Dans une interview au quotidien allemand Bild, Vladimir Poutine a expliqué qu'en Crimée, le sort des habitants de la péninsule était sa priorité première.

"Pour moi, la Crimée, ce sont 2,5 millions de personnes. Des gens qui avaient peur du coup d'État en Ukraine, disons-le franchement. Et après le coup d'État à Kiev — ce n'était rien d'autre qu'un coup d'État, quoi que l'on fasse pour l'enjoliver- les forces nationalistes qui cherchaient alors à arriver au pouvoir, et une bonne partie d'entre elles y sont finalement arrivées, ont commencé à menacer ouvertement les gens", a dit le président russe.

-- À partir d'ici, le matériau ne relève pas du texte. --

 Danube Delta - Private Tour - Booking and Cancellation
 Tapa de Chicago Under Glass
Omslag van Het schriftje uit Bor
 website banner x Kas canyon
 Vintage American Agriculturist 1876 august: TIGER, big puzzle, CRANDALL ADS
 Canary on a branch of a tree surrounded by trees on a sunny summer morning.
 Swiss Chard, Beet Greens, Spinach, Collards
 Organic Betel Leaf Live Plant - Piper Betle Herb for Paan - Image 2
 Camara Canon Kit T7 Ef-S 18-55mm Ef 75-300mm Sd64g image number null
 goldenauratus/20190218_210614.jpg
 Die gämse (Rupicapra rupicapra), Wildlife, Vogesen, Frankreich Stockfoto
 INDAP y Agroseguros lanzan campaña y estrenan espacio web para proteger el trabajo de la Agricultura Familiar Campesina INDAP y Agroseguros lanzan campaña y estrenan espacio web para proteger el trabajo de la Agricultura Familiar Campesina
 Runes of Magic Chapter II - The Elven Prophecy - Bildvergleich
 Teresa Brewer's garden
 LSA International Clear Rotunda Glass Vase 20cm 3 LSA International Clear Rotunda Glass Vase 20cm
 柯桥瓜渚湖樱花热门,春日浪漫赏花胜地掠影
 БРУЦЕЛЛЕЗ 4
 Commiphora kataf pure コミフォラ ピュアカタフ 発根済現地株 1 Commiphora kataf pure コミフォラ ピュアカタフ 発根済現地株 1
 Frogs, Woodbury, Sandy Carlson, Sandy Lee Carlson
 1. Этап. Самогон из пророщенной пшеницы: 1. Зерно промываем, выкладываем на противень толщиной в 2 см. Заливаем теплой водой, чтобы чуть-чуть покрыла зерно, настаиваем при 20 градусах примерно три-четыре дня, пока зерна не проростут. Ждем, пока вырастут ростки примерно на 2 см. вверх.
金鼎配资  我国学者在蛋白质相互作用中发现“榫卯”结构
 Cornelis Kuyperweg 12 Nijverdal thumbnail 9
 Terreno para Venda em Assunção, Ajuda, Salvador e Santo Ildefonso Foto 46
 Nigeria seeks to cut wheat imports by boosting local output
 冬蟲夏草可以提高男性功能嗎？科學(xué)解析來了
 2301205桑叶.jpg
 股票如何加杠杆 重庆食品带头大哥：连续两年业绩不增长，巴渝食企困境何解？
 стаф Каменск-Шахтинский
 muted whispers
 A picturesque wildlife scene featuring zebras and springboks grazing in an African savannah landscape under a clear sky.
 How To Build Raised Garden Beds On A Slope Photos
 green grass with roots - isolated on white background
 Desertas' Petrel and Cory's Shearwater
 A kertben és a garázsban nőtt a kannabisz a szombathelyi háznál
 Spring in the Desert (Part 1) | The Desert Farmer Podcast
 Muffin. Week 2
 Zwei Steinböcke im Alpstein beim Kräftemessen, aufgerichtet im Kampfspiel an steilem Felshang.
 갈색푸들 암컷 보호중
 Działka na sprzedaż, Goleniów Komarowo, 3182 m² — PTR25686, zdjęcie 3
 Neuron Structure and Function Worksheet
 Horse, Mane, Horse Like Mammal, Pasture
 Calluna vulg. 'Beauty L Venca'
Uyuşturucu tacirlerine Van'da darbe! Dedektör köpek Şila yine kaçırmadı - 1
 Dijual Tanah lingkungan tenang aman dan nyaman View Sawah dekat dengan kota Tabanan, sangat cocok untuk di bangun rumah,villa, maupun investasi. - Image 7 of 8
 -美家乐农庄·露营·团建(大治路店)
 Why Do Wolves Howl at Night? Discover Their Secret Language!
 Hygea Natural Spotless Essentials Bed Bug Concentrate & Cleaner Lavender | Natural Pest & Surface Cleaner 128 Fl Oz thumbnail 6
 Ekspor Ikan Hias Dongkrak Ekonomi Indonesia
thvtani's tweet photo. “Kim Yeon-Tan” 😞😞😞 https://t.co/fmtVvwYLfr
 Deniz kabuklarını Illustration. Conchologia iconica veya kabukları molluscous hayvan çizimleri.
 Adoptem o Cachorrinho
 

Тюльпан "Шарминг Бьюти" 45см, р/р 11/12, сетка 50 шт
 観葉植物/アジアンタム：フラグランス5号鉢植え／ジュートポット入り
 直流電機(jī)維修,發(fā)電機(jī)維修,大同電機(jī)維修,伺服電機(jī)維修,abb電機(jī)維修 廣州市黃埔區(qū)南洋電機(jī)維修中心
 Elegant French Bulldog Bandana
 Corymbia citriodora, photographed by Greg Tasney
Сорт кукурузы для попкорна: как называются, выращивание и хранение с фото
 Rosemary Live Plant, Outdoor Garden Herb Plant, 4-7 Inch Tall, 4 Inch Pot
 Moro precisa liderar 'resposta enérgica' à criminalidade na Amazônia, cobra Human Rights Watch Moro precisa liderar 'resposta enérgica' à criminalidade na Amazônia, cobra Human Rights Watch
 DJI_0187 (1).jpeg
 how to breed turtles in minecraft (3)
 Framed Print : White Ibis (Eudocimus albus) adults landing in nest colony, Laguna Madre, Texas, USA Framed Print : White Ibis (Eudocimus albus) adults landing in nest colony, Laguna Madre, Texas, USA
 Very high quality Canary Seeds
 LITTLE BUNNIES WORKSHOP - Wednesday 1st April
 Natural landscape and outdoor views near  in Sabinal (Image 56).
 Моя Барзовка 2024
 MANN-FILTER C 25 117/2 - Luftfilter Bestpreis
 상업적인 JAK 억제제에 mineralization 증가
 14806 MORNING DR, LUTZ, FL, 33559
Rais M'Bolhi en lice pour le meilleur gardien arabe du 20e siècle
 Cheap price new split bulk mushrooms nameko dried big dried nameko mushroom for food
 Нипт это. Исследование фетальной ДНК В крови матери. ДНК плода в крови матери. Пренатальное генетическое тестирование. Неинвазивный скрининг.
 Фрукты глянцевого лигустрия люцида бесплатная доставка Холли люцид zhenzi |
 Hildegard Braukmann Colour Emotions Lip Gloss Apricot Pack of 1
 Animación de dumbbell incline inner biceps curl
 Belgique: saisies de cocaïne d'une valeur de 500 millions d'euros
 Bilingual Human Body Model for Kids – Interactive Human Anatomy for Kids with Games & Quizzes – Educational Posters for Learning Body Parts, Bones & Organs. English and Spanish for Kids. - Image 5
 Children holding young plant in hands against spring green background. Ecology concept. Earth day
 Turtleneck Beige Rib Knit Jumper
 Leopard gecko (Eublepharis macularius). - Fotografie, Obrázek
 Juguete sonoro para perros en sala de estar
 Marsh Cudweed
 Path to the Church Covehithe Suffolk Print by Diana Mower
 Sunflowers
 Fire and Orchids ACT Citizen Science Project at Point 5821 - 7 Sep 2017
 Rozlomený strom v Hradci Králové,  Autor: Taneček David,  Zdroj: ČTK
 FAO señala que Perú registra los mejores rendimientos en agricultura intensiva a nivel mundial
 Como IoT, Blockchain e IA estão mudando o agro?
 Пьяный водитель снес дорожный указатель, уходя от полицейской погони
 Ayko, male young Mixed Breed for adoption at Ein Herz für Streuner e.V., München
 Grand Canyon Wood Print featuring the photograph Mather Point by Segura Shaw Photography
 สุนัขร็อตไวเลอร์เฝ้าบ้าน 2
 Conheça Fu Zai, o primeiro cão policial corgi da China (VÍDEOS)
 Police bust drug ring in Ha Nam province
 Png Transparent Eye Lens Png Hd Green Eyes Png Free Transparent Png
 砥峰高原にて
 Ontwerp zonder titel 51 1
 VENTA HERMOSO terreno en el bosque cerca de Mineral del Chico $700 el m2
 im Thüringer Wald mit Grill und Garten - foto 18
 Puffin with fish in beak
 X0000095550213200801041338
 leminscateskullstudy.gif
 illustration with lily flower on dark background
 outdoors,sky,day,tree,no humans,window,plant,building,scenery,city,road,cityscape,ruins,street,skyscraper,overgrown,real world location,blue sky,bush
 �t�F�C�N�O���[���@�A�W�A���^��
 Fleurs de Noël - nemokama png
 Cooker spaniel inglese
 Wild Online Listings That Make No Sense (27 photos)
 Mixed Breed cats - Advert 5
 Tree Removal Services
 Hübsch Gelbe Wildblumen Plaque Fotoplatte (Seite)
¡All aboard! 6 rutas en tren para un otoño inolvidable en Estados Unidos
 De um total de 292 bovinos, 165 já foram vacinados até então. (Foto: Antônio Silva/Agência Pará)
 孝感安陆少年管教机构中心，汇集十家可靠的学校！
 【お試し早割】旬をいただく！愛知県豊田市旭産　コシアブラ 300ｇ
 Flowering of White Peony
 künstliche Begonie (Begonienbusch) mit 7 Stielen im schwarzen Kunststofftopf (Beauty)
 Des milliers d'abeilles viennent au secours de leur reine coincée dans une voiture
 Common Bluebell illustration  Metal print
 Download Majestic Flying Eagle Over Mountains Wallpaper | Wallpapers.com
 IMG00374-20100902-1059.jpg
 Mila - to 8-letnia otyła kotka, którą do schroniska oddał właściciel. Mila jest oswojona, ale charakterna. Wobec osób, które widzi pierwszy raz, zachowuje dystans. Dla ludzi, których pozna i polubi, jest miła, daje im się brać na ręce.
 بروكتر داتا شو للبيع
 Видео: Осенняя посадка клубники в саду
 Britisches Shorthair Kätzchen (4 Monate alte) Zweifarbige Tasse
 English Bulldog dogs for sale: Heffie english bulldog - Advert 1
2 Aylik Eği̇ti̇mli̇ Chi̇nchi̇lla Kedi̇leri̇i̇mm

Vladimir Poutine a également rappelé que lors de l'organisation et de la tenue du référendum en Crimée, pas une seule personne n'était morte, et que les forces armées avaient été impliquées "uniquement pour empêcher plus de 20.000 militaires ukrainiens d'entraver la libre expression de la volonté des habitants de la péninsule".

"Qu'est-ce que c'est que la démocratie? La démocratie c'est la volonté du peuple. Les gens par leur vote ont choisi leur façon de vivre. Ce n'est pas un territoire ni les frontières qui comptent pour moi, mais le sort des gens", a poursuivi le président.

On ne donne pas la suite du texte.